Records drawn from a dataset
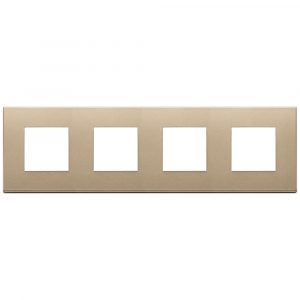 Placca 8M (2+2+2+2)Int71 Oro Satinato VIMAR 22669.88
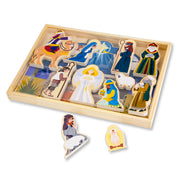 Wooden Christmas Nativity Set O8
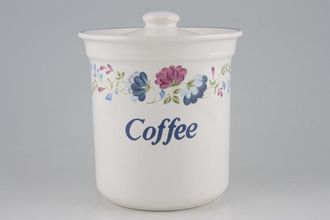 BHS Priory Storage Jar + Lid Coffee 5 1/4"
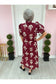Ruby Botanical Midi Dress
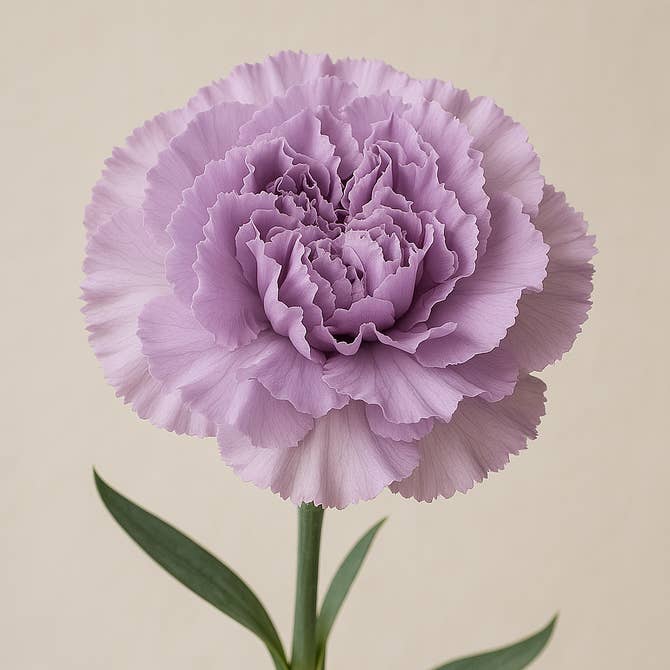 Fresh Red and Lavender Carnations — Lavender product photograph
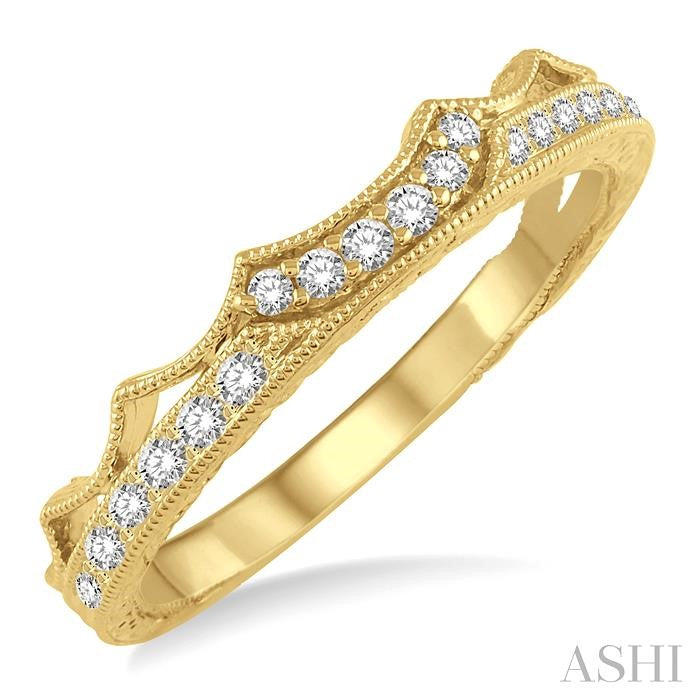 1/5 Ctw Round Diamond Wedding Band in 14K Yellow Gold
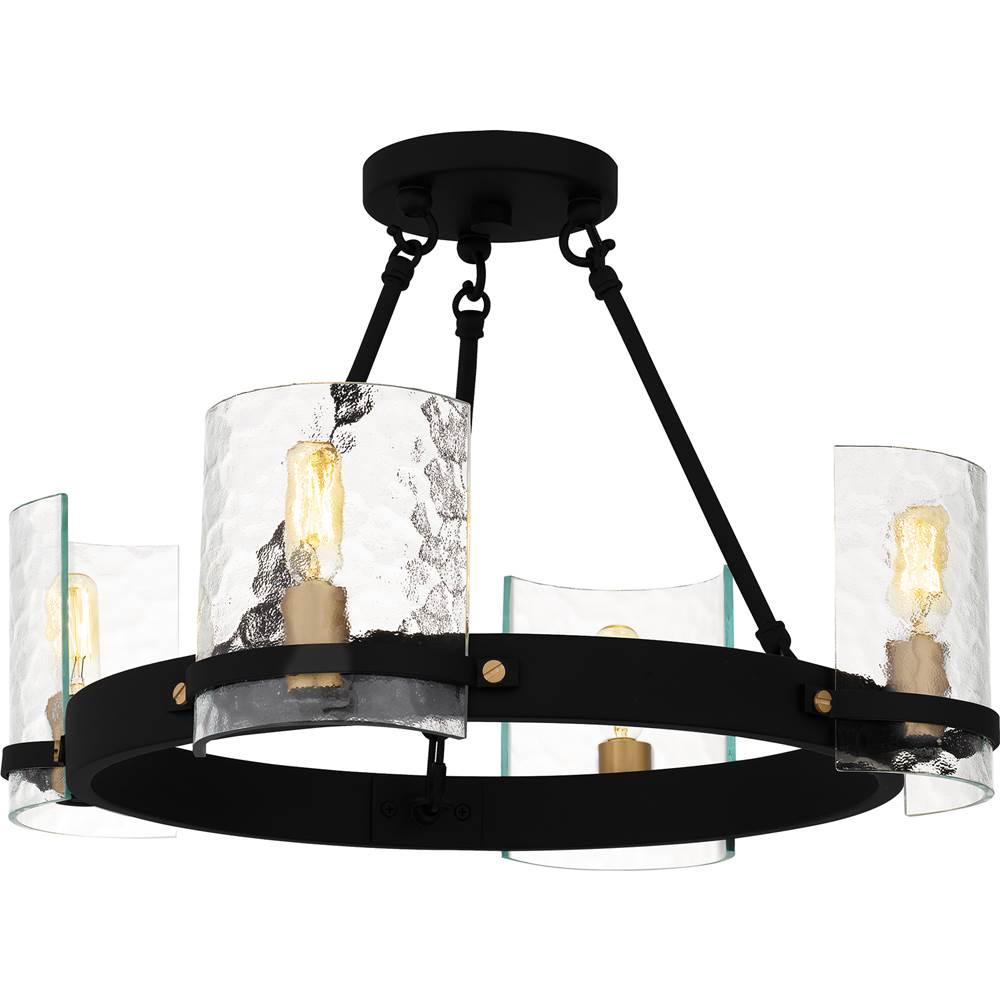 Quoizel Inc GLC1720MBK Semi-Flush Mount Lighting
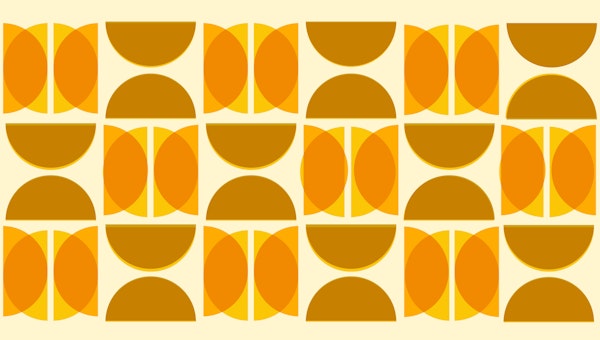 Golden Bauhaus Cutouts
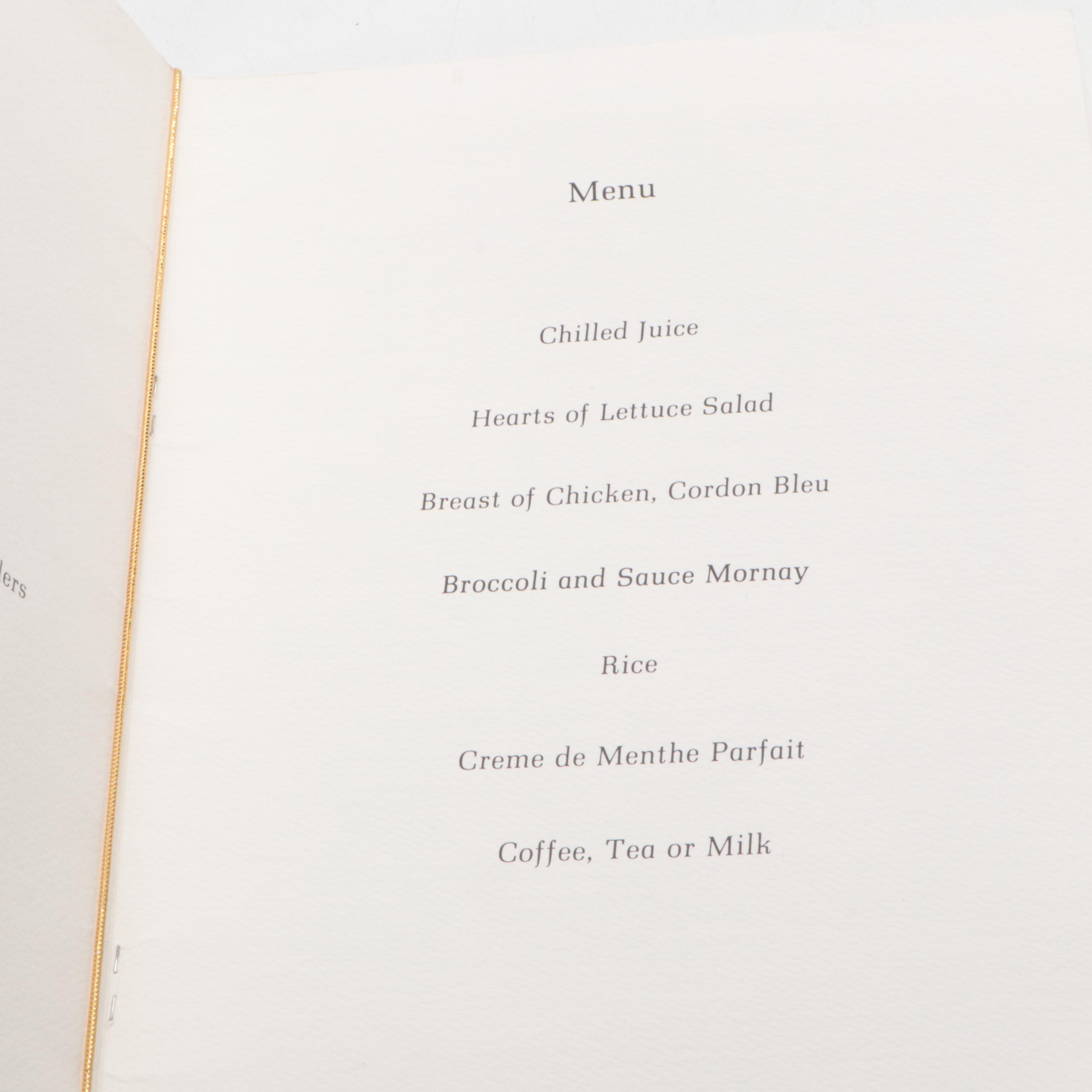 Signed Colonel Harland Sanders Menu and Signed Martin Short Playbill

## What to produce
Exactly as they appear above, write out all the entries, without pictures.

## Exercise answer
 Placca 8M (2+2+2+2)Int71 Oro Satinato VIMAR 22669.88
 Wooden Christmas Nativity Set O8
 BHS Priory Storage Jar + Lid Coffee 5 1/4"
Ruby Botanical Midi Dress
 Fresh Red and Lavender Carnations — Lavender product photograph
 1/5 Ctw Round Diamond Wedding Band in 14K Yellow Gold
 Quoizel Inc GLC1720MBK Semi-Flush Mount Lighting
 Golden Bauhaus Cutouts
 Signed Colonel Harland Sanders Menu and Signed Martin Short Playbill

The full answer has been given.